BRIEF
Omitting every picture, output the records below exactly, please.

(AVAILABLE RECORDS)

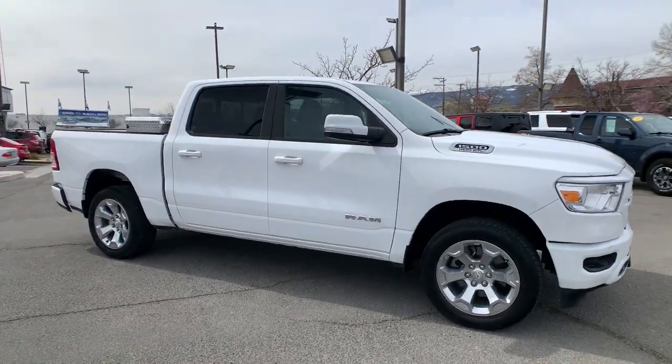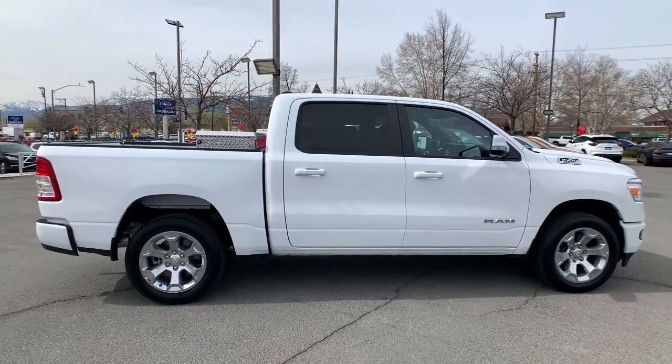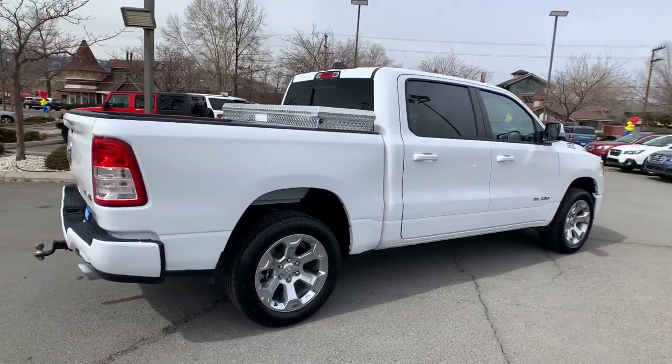The Ram 1500 delivers gritty towing capability, passenger-focused comfort and safety features, and surprising fuel efficiency. The following are some of this vehicle's highlighted options.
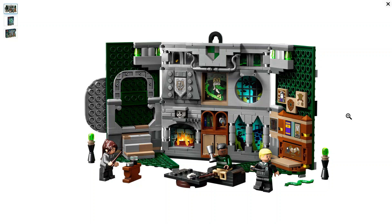Sliding in next is the Slytherin House Banner. It comes with three minifigs: Draco Malfoy, Blaze Zabini, and Pansy Parkinson. It's a nicely colored set of green, gray, and brown, with an underwater scene behind pillars and a window. This fireplace has a little skull head sitting above it — I wonder if that's interchangeable with the body so you can make a creepy student with a skull head.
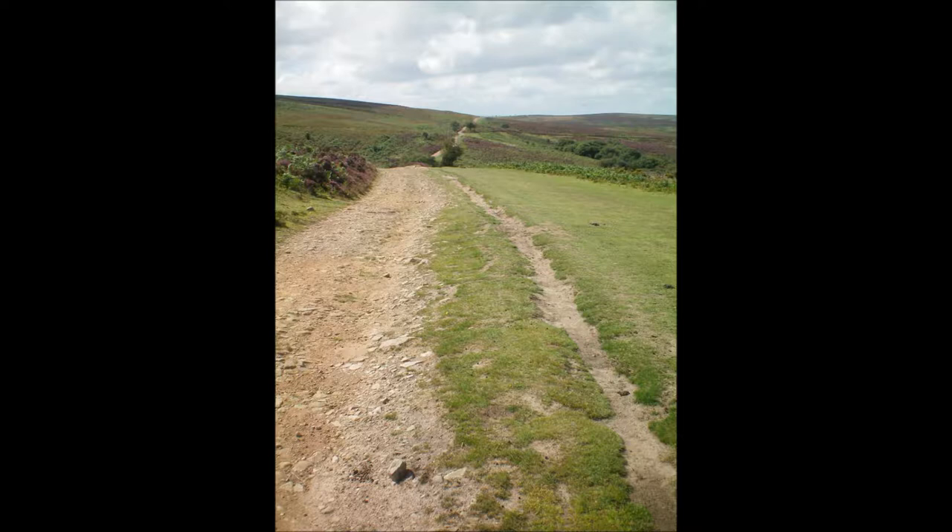Going up quite a steep hill, it's still hard work but noticeably less so than without assistance. You feel like you're putting in effort, but it's deceptive — it makes you feel fitter than you are. The ride isn't necessarily easy, just easier. As you come out of one hill you hit another steep climb, so it's not a flat cruise.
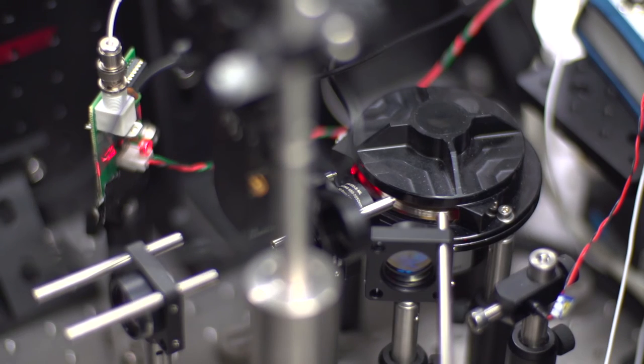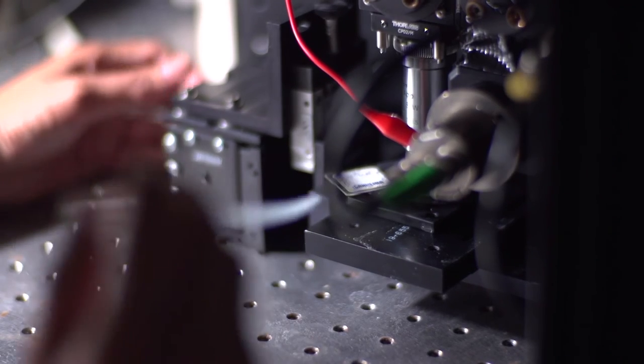Our lab is here at the John Curtin School of Medical Research, tailored to answer the problems of biological research. It's introduced an interface between the Bio-Optics Engineering Lab and the John Curtin School of Medical Research, so researchers are able to have access to cutting-edge instrumentation as literally as Steve develops it. It's very exciting for us.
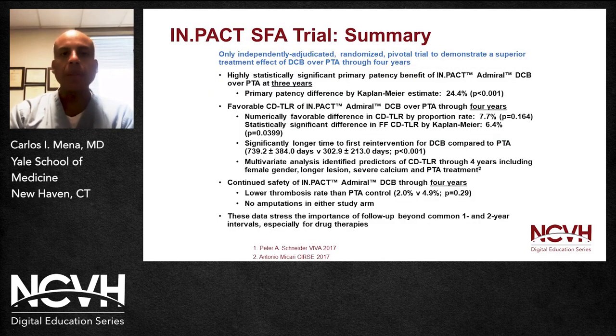In summary, the Impact SFA trial is the only independently adjudicated randomized trial that has demonstrated superior drug-coated balloon versus plain balloon angioplasty results through four years — and now likely five years. It shows highly statistically significant primary patency benefit, favorable clinically-driven TLR in the DCB group over plain balloon angioplasty for four years, and a significant safety record with this specific device. This data stresses the importance of long-term follow-up as we move forward. Thank you very much for your attention, and have a good day.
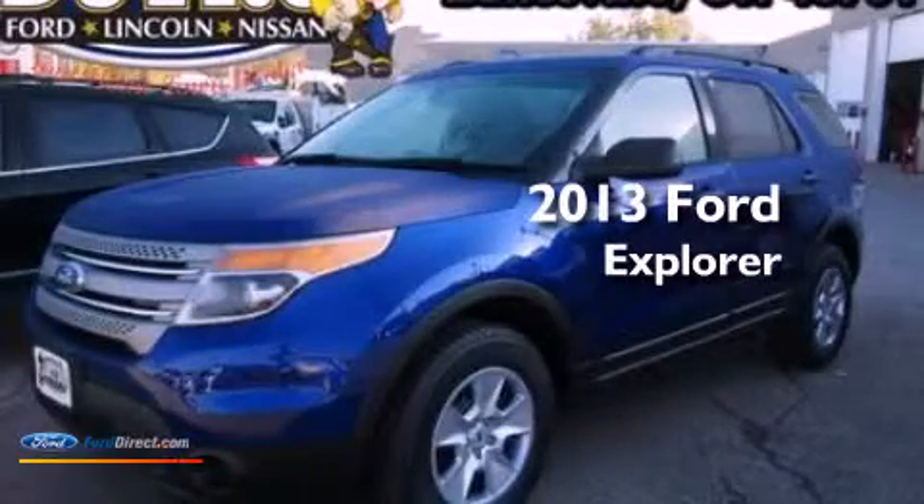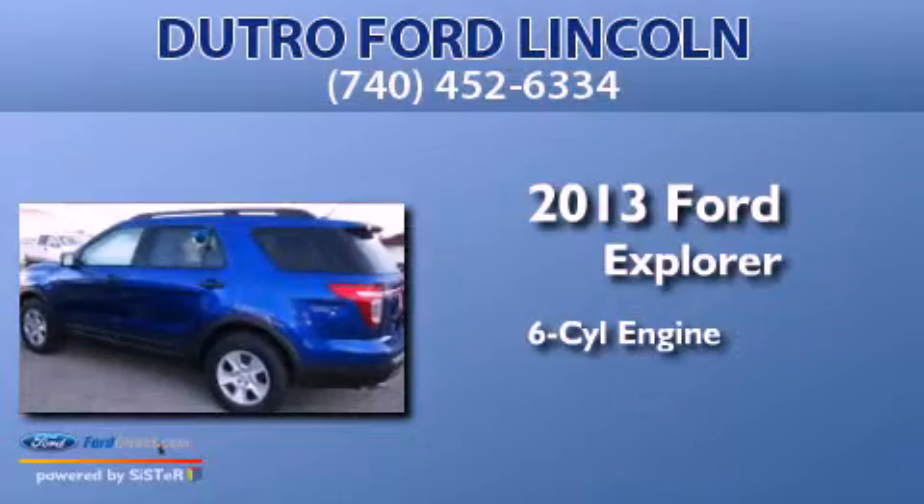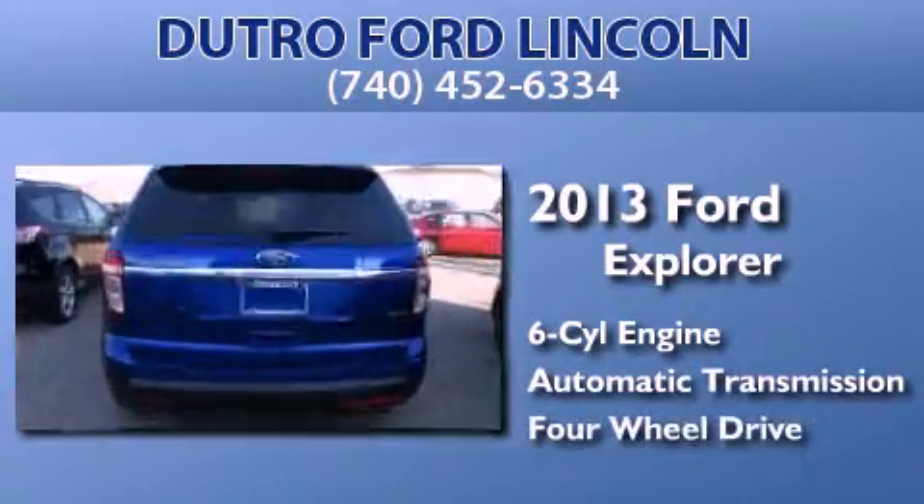This is a brand new 2013 Ford Explorer. It has a six-cylinder engine, an automatic transmission, and the added capability of four-wheel drive.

(End AVAILABLE RECORDS)

THE COMPLETED TASK
The Ram 1500 delivers gritty towing capability, passenger-focused comfort and safety features, and surprising fuel efficiency. The following are some of this vehicle's highlighted options.
Sliding in next is the Slytherin House Banner. It comes with three minifigs: Draco Malfoy, Blaze Zabini, and Pansy Parkinson. It's a nicely colored set of green, gray, and brown, with an underwater scene behind pillars and a window. This fireplace has a little skull head sitting above it — I wonder if that's interchangeable with the body so you can make a creepy student with a skull head.
Going up quite a steep hill, it's still hard work but noticeably less so than without assistance. You feel like you're putting in effort, but it's deceptive — it makes you feel fitter than you are. The ride isn't necessarily easy, just easier. As you come out of one hill you hit another steep climb, so it's not a flat cruise.
Our lab is here at the John Curtin School of Medical Research, tailored to answer the problems of biological research. It's introduced an interface between the Bio-Optics Engineering Lab and the John Curtin School of Medical Research, so researchers are able to have access to cutting-edge instrumentation as literally as Steve develops it. It's very exciting for us.
In summary, the Impact SFA trial is the only independently adjudicated randomized trial that has demonstrated superior drug-coated balloon versus plain balloon angioplasty results through four years — and now likely five years. It shows highly statistically significant primary patency benefit, favorable clinically-driven TLR in the DCB group over plain balloon angioplasty for four years, and a significant safety record with this specific device. This data stresses the importance of long-term follow-up as we move forward. Thank you very much for your attention, and have a good day.
This is a brand new 2013 Ford Explorer. It has a six-cylinder engine, an automatic transmission, and the added capability of four-wheel drive.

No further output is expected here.